■ Exercise objective
For each line in the material below that holds "Denim", copy that line.

■ Data listing
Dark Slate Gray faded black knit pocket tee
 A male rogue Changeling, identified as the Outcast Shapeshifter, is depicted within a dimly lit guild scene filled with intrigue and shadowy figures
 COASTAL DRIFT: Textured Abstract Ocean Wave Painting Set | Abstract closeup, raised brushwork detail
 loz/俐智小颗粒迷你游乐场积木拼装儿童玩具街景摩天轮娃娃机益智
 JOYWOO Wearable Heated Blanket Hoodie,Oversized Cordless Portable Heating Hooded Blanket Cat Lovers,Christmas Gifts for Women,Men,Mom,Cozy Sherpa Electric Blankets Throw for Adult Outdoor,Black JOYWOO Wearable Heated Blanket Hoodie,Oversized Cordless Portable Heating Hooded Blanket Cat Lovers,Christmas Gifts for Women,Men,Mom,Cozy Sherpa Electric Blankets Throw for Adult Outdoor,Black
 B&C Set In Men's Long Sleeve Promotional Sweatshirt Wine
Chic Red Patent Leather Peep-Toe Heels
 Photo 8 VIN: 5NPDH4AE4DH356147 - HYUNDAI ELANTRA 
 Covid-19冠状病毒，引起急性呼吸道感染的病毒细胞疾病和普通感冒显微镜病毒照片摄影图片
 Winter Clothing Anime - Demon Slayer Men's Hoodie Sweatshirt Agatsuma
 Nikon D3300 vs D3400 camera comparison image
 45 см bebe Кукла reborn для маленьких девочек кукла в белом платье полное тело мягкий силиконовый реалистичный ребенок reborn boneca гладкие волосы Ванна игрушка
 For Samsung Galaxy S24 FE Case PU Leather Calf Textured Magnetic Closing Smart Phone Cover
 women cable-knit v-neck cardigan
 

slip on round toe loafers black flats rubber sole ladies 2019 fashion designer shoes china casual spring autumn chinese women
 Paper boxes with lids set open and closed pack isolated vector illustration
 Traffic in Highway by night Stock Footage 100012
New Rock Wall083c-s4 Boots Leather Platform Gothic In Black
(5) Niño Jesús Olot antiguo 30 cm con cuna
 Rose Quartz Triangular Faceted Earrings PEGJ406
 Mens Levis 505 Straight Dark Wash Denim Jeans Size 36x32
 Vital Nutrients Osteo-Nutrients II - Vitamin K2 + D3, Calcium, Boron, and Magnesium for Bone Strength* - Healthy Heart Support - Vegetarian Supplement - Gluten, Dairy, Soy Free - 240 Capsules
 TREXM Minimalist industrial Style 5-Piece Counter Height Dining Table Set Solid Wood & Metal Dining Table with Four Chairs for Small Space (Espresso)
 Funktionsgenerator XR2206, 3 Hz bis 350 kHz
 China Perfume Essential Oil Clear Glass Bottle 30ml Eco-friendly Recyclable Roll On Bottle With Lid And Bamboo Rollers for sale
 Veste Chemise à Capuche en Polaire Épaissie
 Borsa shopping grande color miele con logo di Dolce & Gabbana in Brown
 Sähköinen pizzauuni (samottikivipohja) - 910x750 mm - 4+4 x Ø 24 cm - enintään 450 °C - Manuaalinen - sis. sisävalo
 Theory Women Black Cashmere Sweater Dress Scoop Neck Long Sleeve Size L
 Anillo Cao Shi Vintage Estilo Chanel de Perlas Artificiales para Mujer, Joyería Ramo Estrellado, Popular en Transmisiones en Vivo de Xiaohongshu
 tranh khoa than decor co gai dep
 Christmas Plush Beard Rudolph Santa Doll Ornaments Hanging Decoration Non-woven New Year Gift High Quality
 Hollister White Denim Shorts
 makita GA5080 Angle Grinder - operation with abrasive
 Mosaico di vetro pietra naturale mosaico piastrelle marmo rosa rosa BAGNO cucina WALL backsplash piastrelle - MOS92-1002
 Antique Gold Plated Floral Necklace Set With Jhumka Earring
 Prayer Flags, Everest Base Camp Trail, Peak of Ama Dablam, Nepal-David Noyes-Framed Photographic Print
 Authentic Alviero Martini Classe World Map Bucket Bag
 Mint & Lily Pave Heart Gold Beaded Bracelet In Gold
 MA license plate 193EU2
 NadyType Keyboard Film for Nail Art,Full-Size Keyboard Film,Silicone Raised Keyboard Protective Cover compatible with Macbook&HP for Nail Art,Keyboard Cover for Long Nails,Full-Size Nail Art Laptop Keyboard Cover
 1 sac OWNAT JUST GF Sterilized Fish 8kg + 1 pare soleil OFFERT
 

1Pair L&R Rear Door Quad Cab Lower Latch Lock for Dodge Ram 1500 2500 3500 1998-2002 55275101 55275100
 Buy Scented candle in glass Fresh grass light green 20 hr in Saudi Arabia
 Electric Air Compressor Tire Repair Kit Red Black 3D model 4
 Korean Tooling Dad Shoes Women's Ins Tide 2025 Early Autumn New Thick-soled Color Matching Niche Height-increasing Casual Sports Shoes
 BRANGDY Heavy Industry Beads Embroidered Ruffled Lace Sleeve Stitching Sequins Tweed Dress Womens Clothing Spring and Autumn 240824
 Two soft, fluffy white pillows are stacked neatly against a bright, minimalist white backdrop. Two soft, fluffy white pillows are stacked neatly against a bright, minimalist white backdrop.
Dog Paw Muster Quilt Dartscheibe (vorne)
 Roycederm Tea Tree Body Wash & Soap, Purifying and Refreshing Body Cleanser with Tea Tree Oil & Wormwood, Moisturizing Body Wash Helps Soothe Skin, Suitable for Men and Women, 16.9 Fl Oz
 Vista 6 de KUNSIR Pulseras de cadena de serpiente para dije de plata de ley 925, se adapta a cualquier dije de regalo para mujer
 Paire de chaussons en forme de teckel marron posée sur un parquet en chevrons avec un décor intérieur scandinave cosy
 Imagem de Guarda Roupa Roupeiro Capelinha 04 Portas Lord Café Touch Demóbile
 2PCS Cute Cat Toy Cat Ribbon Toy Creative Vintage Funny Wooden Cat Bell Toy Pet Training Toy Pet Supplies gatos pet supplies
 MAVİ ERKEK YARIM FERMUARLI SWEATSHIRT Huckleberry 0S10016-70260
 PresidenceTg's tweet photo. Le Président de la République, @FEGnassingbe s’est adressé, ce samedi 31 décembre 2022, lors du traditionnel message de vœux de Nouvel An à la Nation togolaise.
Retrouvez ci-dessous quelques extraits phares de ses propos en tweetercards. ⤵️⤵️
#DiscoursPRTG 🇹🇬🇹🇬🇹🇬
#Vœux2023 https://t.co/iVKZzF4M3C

■ Exercise response
 Mens Levis 505 Straight Dark Wash Denim Jeans Size 36x32
 Hollister White Denim Shorts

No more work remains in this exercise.